BEGIN PROVIDED DATA

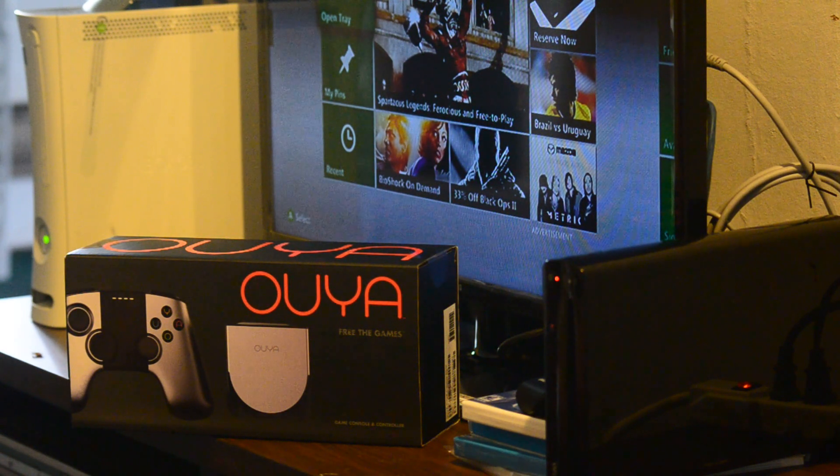The OUYA — I heard about it probably in March or April of 2013 and had followed it briefly on the internet. I was actually well beyond the Kickstarter date. For those not familiar, this is probably still the most successful Kickstarter electronics campaign ever. The original target was around six hundred thousand and they ended up getting over eight million in contributions.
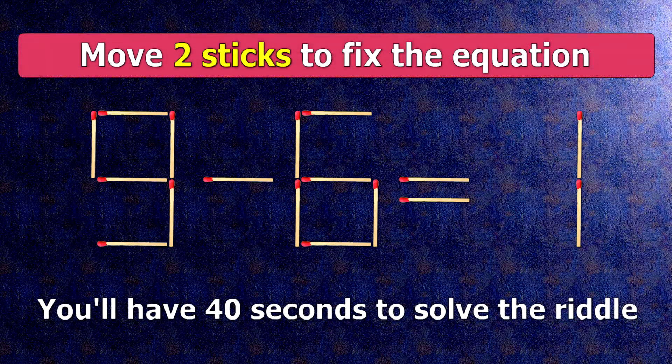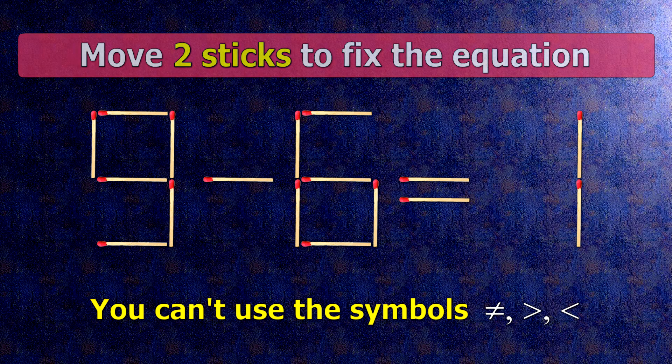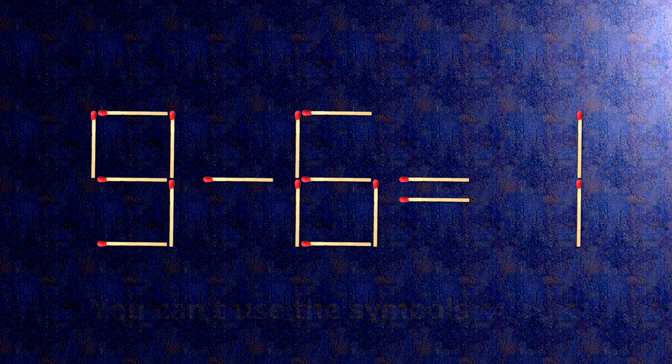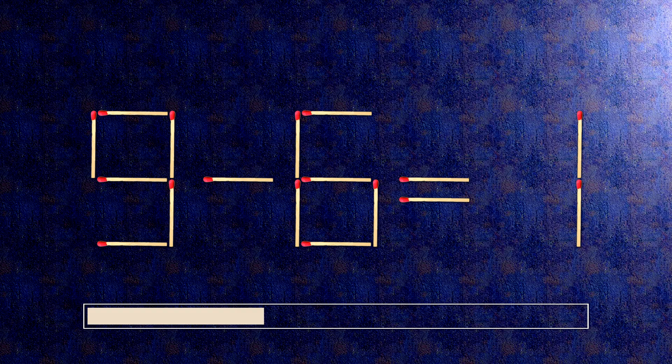We have the equality 9 minus 6 equals 1. Our equality is wrong. We need to move two matches to make our equality correct.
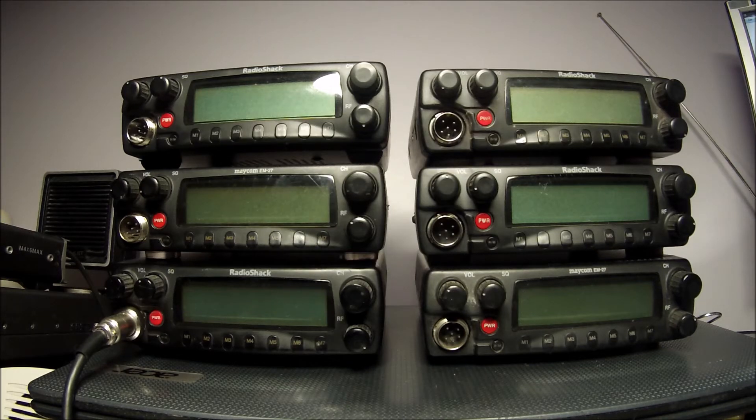Here we have the RadioShack TRC1080 radios and the Mekom EM27 radios. These are easily converted to work on the 10 meter band.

END PROVIDED DATA

Once the pictures have been removed, reproduce each line of the material above exactly.

The OUYA — I heard about it probably in March or April of 2013 and had followed it briefly on the internet. I was actually well beyond the Kickstarter date. For those not familiar, this is probably still the most successful Kickstarter electronics campaign ever. The original target was around six hundred thousand and they ended up getting over eight million in contributions.
We have the equality 9 minus 6 equals 1. Our equality is wrong. We need to move two matches to make our equality correct.
Here we have the RadioShack TRC1080 radios and the Mekom EM27 radios. These are easily converted to work on the 10 meter band.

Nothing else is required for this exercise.